For Maxus, which sees at least 15 per cent of its total billing coming from digital globally, it is not just an area of focus, it’s an obsession.
Global growth story
India, where Maxus retained the Vodafone account this year, and the UK, where the agency saw some wins including that of L’oreal in 2013, ‘are pretty much on auto pilot’. The UK operation has moved from 40 people to over 200 in a span of about a couple of years, with the wins also having a positive rub off in other parts of Europe.
The US is admittedly a focus market for the agency, which explains in part why the global CEO is based there. There have been business wins in the US (including NBC Universal) and Canada too (including Maple Leaf, Bank of Montreal). The relationship with Jetstar has flown from Australia to Apac now.
Terming the US, Germany, China as some of the high potential growth markets for Maxus, which was nurtured to be the fourth network within GroupM, Sakhuja says Maxus might give some of them extra attention now – including assigning global resources and even P&L breaks if need be. That’s the extent of focus on growth. Also on the radar are Spain, Russia and Australia. The agency opened up a few offices last year, taking the count to 70 globally.

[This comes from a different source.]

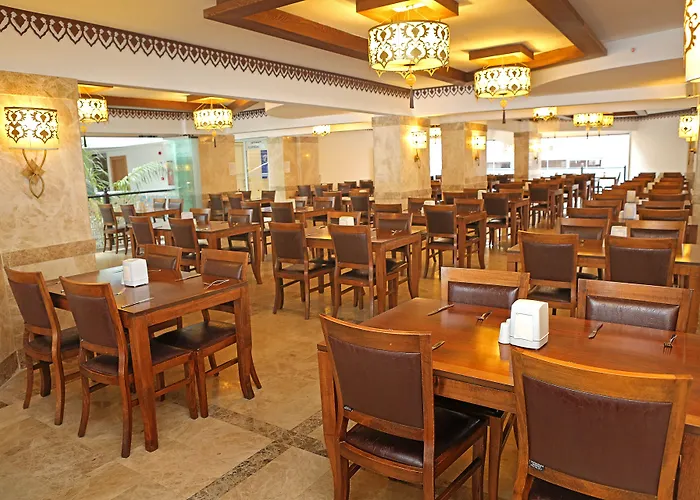 Blue Wave Otel Alanya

For the man who was based in India, albeit with a South Asia remit, the US market was a ‘colossal growth opportunity for Maxus’ to pass up. The move seems to be working. Disclosing that being located in New York also helps get things done on both client and agency fronts better, he recalls the days of being in Mumbai - where ‘moving up and down a few floors in the same building got things done quicker than sending e-mails and scheduling meetings’.
He surmises, “Fortunately, my wife is loving it. That’s important.”
(Published in the issue of Campaign India dated 25 July 2014.)